T. Relativamente às sessões de julgamento, foram agendadas somente duas (19 e 20 de outubro de 2020) e uma continuação da última sessão, uma vez que faltaram testemunhas.
U. No que respeita às sessões de julgamento, importa mencionar que, por acordo das partes, a mesma audiência de julgamento, produziu a prova de três apensos K, L e M, ao processo de insolvência n.º 208/16.7T8OLH.
V. Uma vez que o objeto do litígio em cada um dos apensos estava interligado, as partes eram essencialmente as mesmas, as testemunhas arroladas e admitidas eram exatamente as mesmas e os ilustres mandatários das partes eram os mesmos.

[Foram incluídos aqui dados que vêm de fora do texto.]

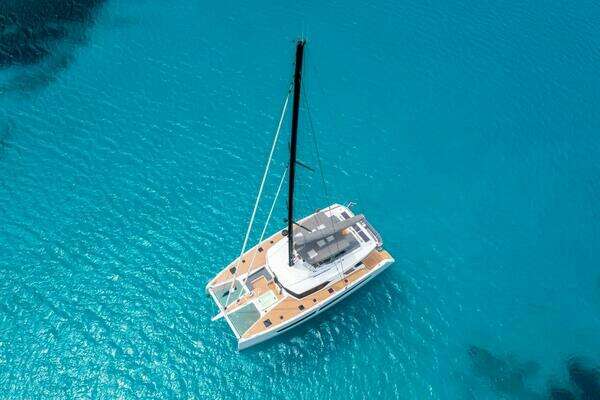 Fountaine Pajot Alegria Yacht For Sale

W. O que contribuiu para uma maior eficácia e celeridade processuais e evitou que os intervenientes processuais – partes, testemunhas e mandatários judiciais –, se tivessem de deslocar ao Tribunal a quo para a realização de três ou mais audiências de julgamento, num período de temporal muito próximo, para produzir depoimentos ou declarações em grande parte sobre os mesmos factos.

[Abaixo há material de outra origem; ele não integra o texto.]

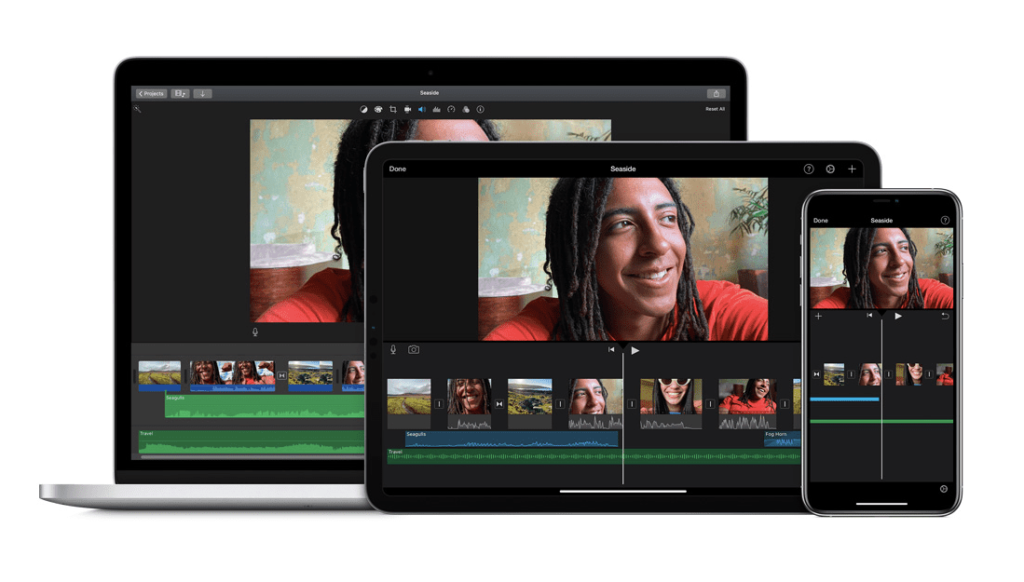 Les mises à jour d'iMovie et de GarageBand vous permettent d'être plus créatif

X. Contribuindo-se, deste modo, para o princípio da gestão processual e da adequação formal.
Y. Não foram juntos pareceres, nem requerida prova pericial.
Z. Por sua vez, a conduta processual das partes não mereceu censura, designadamente considerando hipotéticos expedientes dilatórios.
AA. Não foi suscitada qualquer questão ou incidente anómalo, muito menos um que justifique o pagamento de € 6.018,00, na 1ª instância, e de € 2.601,00, na 2.ª instância, num total global de € 8.619,00, a título de custas.
BB. Do mesmo modo, os depoimentos das testemunhas foram objetivos e sumários, com a inerente simplificação da produção da prova testemunhal, também deste modo se simplificando a administração e apreciação da prova.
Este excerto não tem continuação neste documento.